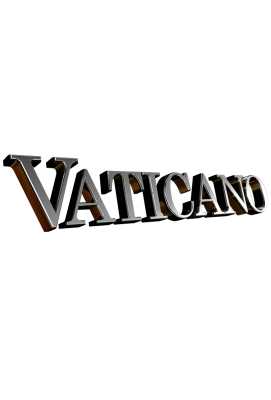 Vaticano (Series): El papa León XIV: misión, legado y las basílicas de
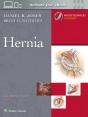 Master Techniques In Surgery: Hernia: Print + Ebook With Multimedia - Preview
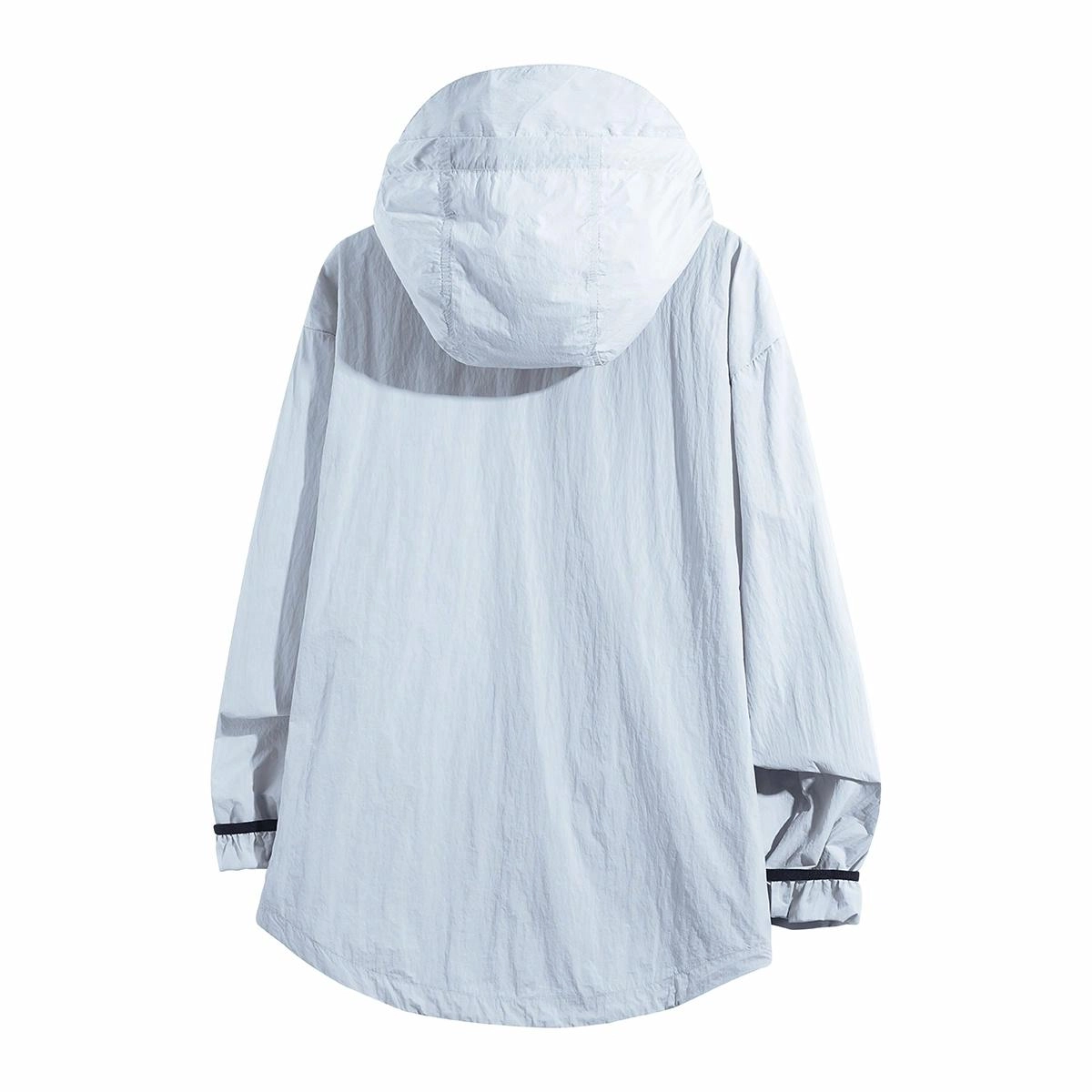 magmode UPF50+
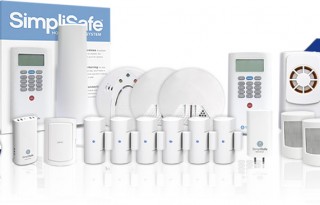 SimpliSafe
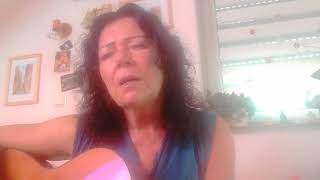 Ich hab dich bloß geliebt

■ ■ ■ ■ ■ ■ ■

-- TO DO --
Repeat the listing in full and exactly. Do not include any images.

-- OUTPUT FOR THIS TASK --
 Vaticano (Series): El papa León XIV: misión, legado y las basílicas de
 Master Techniques In Surgery: Hernia: Print + Ebook With Multimedia - Preview
 magmode UPF50+
 SimpliSafe
 Ich hab dich bloß geliebt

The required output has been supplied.